Non-GAAP revenue: Excludes the impact of purchase accounting adjustments for the acquisition of EVault.
Non-GAAP gross margin: Excludes the impact of purchase accounting adjustments, amortization expense on intangible assets, stock-based
compensation expense, and acquisition-related expense.
Non-GAAP net income (loss) and non-GAAP net income (loss) per share: Non-GAAP net income (loss) and non-GAAP net income (loss) per share
excludes the impact of purchase accounting adjustments, amortization expense on intangible assets, stock-based compensation expense, litigation-
related expense, restructuring-related expense, acquisition-related expense, hostile takeover-related expense, CEO transition expense, and the income
tax effect of non-GAAP adjustments.
Non-GAAP operating expense: Excludes amortization expense on intangible assets, stock-based compensation expense, litigation related expense,
restructuring-related expense, acquisition-related expense, hostile takeover-related expense, and CEO transition expense.

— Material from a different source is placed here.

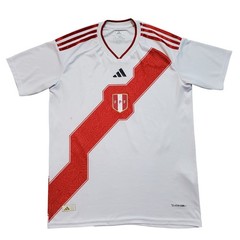 Adidas Peru National Team Home Jersey White Red Sash Slim Fit Large ClimaCool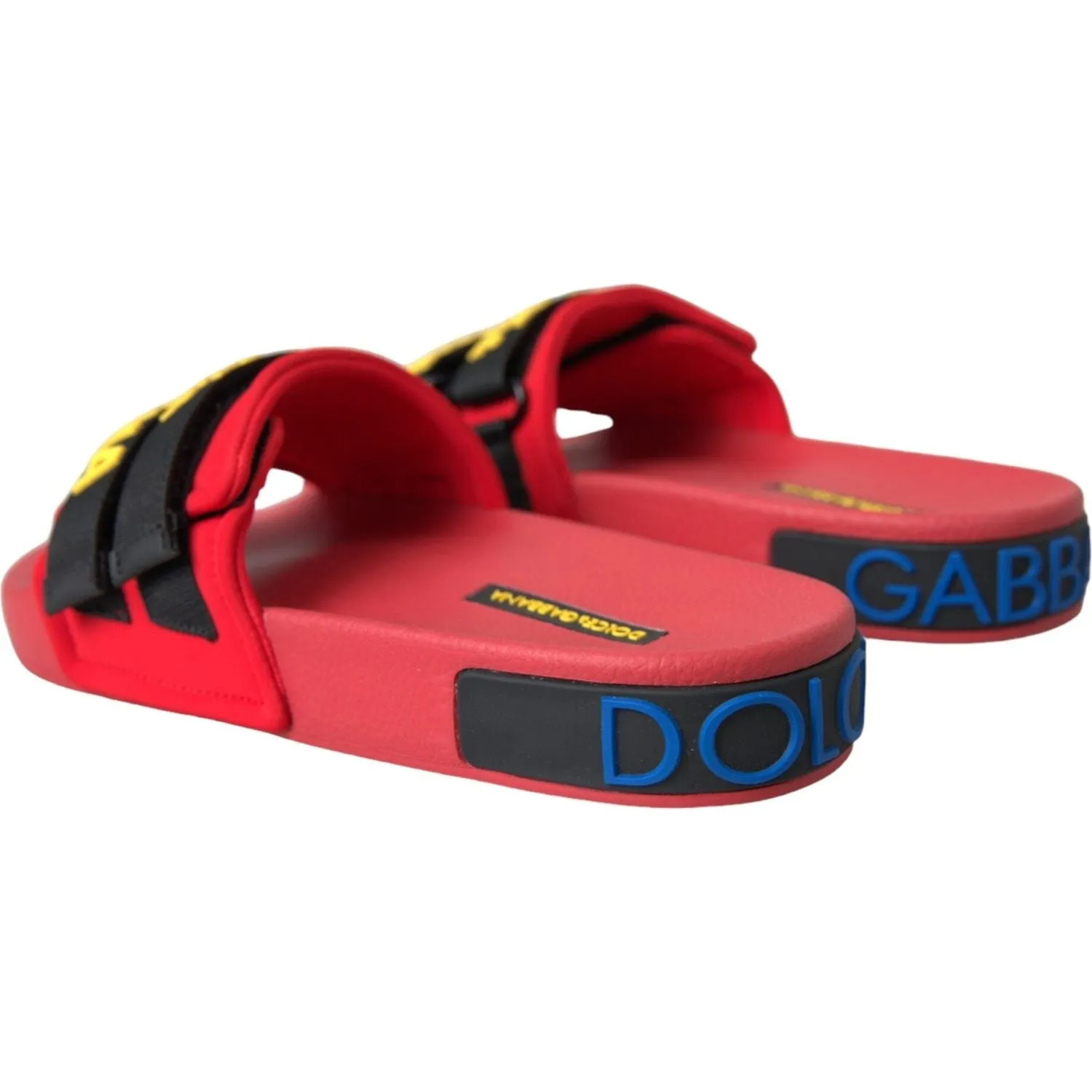 Dolce & Gabbana Red Black Logo Beachwear Flats Sandals Shoes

Adjusted Free cash flow: Adjusted free cash flow is calculated by subtracting the cash paid for the purchase of property and equipment and adding the
payments related to corporate headquarter relocation, acquisition-related payments, hostile takeover-related payments, CEO transition payments,
restructuring-related payments, litigation-related payments and the cash portion of the lease exit charge from net cash provided by operating activities.